Vaatu's voice softened, amused and bitter all at once. "Yes. The Avatar is Raava and her human pet."

"What can you tell me about Raava?" Tai Lung asked.

"I can tell you everything you want to know," Vaatu offered, "but in return, free me from this prison."

Tai Lung looked at the pulsing blue barrier and at the dark thing within. He sensed the likeness to the Avatar but also the yawning absence of light. He replied "You are similar to the Avatar in nature and chi, but where the Avatar gives light you give darkness. I am no fool to release you."

Vaatu's tone clipped, impassive. "Then you will never have answers."

"That's fine," Tai Lung replied. "I am sure someone else in the Spirit Realm will answer my questions." He started to turn away.

"Human, wait," Vaatu called, urgency sharpening the voice. "Let us make a deal. Free me, and I will lend you my power, just as Raava lent hers to Wan. Become a new Avatar. You will have the power to surpass and defeat the old one."

Tai Lung paused, then looked back calmly. "My name is Tai Lung.
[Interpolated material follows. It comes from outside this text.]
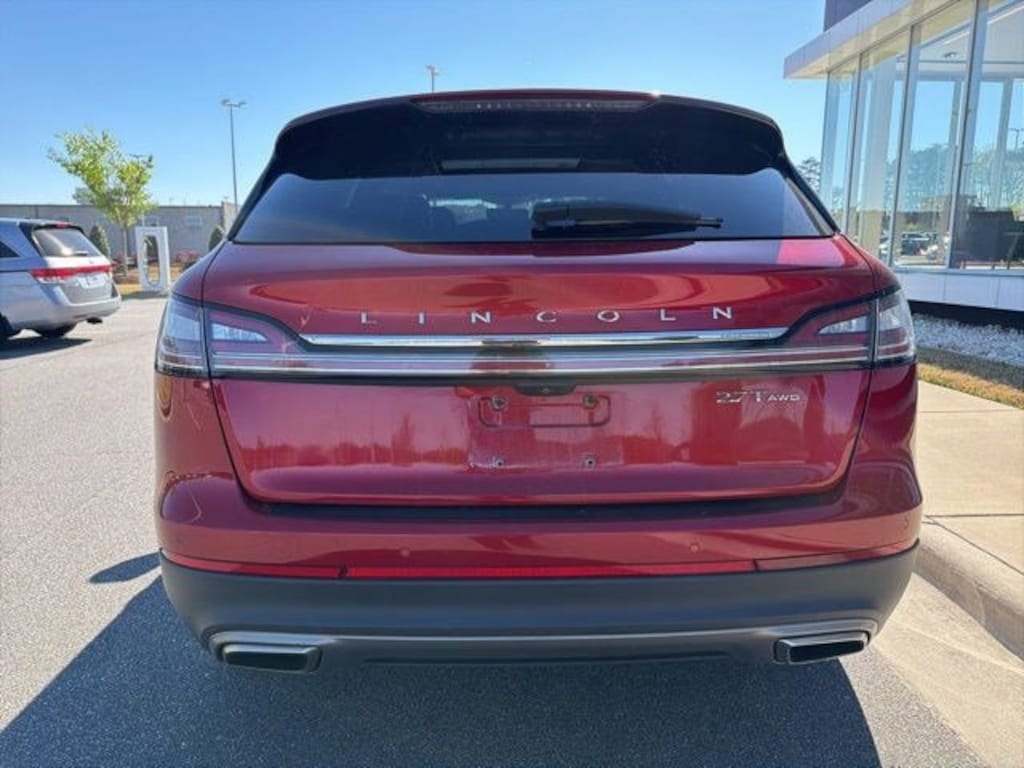 Certified 2020 Lincoln Nautilus Reserve Reserve AWD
I do not need your power." He allowed a faint smile. "I have already defeated the Avatar twice along the spirit you call Raava."

Vaatu's disbelief flared. "There is no way a human can defeat Raava."

"Believe what you want," Tai Lung said.

The spirit changed tack, a narrower offer. "Then a different bargain. I will tell you the origin of the Avatar and of Raava. In return, you will tell me about the human world and how you defeated Raava."

Tai Lung raised an eyebrow at the sudden hunger for stories. "Why the change to storytelling?"

Vaatu's voice carried a new, weary loneliness. "I have been here ten thousand years. You are the first to speak to me in that span. No spirits dare to approach this place."

Tai Lung considered the dark trunk, the blue barrier, the purple-pulsing sphere in the distance. He nodded once, a curt, decisive motion. "Fine. You have a deal. I am all ears. Tell me what you know."

Vaatu began telling him the story of the battle between balance and chaos, between himself and Raava; how he was the one who first connected the Spirit World to the human world. He spoke of how spirits roamed the human world once, how humans received the power to bend from the Lion Turtles, how the Avatar was born, and how the portals were eventually closed.

Vaatu revealed to Tai Lung the true story of the Avatar and the meaning of the so-called bridge between the two worlds.

In return, Tai Lung told him about his battles with the Avatar.